Earlier this year, St. Joseph's saw three women with the condition in one week, Chambliss said.

"In the 1950s, the incidence was something like 1 in 30,000 women," Mills said, adding that newer studies, conducted within the last decade, suggest that the rate has climbed to as high as 1 in 2,500 or even 1 in 500.

"So there is definitely an increase in occurrence," he said. "And in women with C-sections, that's where we've really seen an explosion."

New protocols

The uptick in accretas, and the emergency deliveries they cause, has prompted several Valley hospitals, including St. Joseph's in Phoenix and Banner Desert in Mesa, to establish new protocols.

Chief among them: creating on-call teams of surgeons and specialists to lend their expertise during the emergency surgery.

At Banner Desert, for example, the team draws in not only obstetricians but urologists, general surgeons and vascular surgeons. Patients with severe placenta accretas frequently need a total hysterectomy and, in many cases, subsequent surgeries to repair damage to the urinary tract and other organs.

Excessive bleeding is also a common problem. At St. Joseph's, a protocol allows the hospital to notify the blood bank of a "catastrophic situation," Chambliss said, giving the patient the highest priority for blood products.

Last year, one woman needed more than 100 units, roughly the equivalent of 100 pints, of blood.
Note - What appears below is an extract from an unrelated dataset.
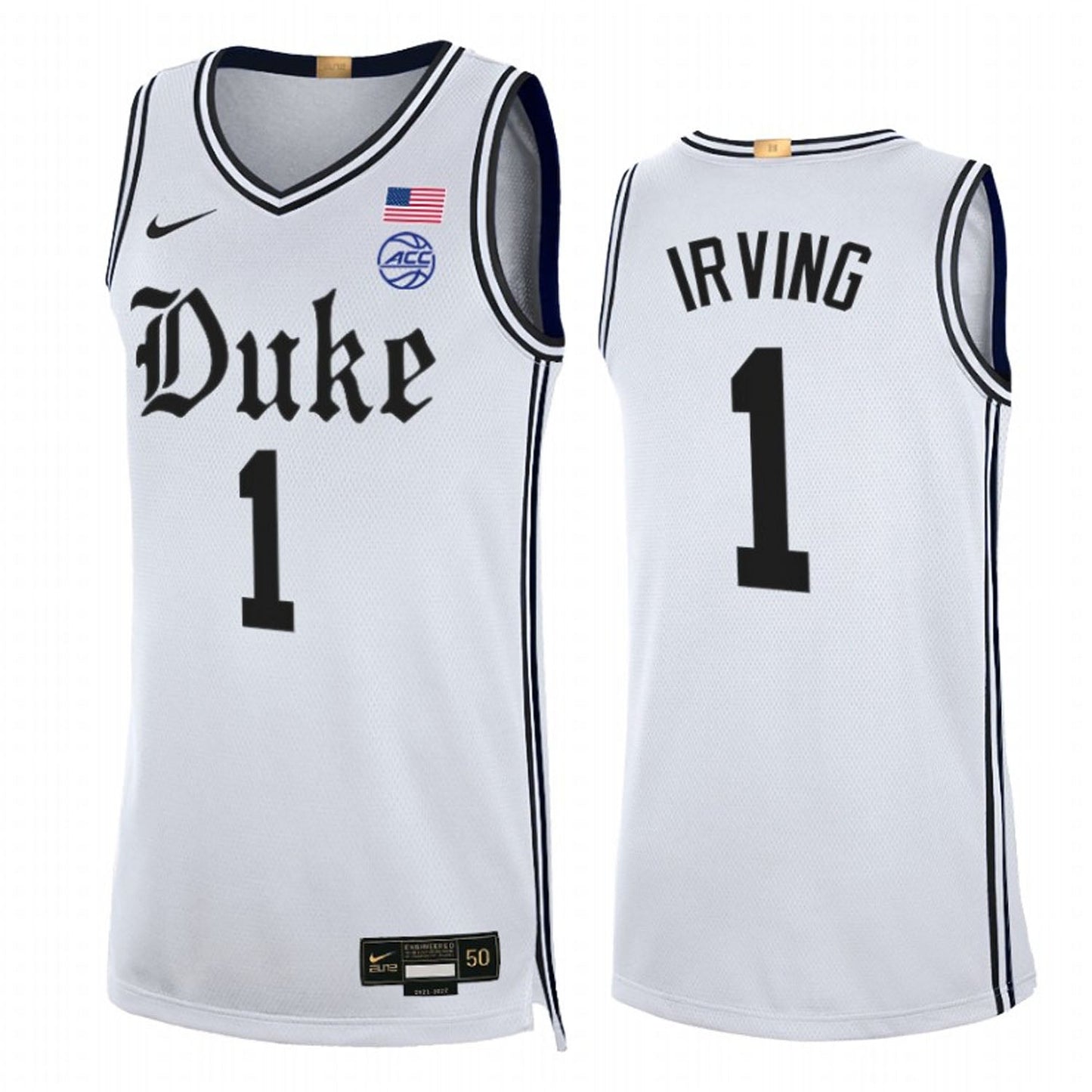 NCAAB Kyrie Irving Duke Blue Devils 1 Jersey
The average human body typically holds 10 pints.

Hospitals also are encouraging more pre-natal counseling of C-section risks, particularly if a woman is interested in having multiple children. They say it is possible for a woman who has delivered her first baby via Caesarean to give birth vaginally the second time.

Physicians have historically shied away from the option because it was thought to carry risks of uterine rupture. But those dangers now are believed to be very small in many patients.
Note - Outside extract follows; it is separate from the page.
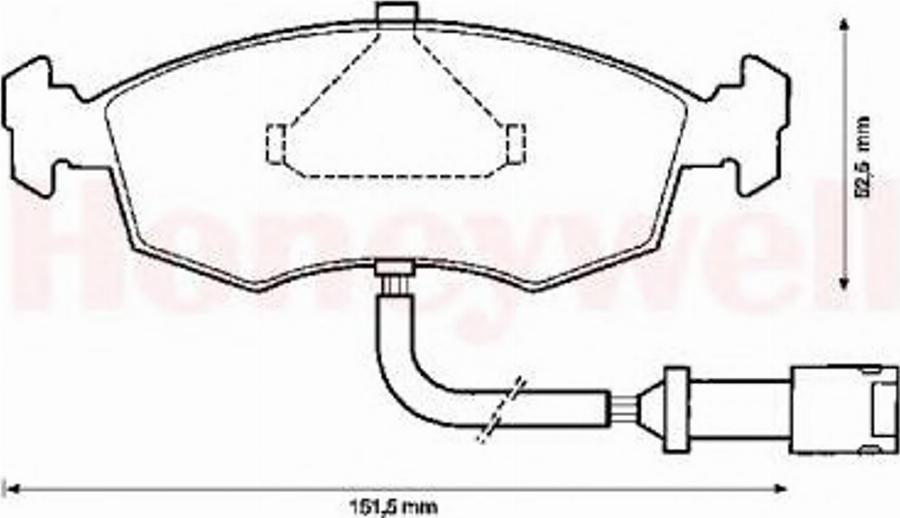 BENDIX 571849B - Тормозные колодки, дисковые, комплект avtokuzovplus.com.ua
In fact, the American Pregnancy Association suggests that as many as 90 percent of women who have had a Caesarean are candidates to later give birth vaginally.

"The real complications from vaginal births after C-sections are minuscule," said Dr. Mike Foley, a specialist in maternal-fetal medicine and chief medical officer at Scottsdale Healthcare . "Women shouldn't make a snap decision to have a C-section just because they've had one previously."

Most importantly, Borrero said, women need to educate themselves before they decide on an elective Caesarean.

"Women say they are too scared of the pain (of a vaginal delivery)," she said. "But I could lose my baby.

"I can't imagine anything more painful than that."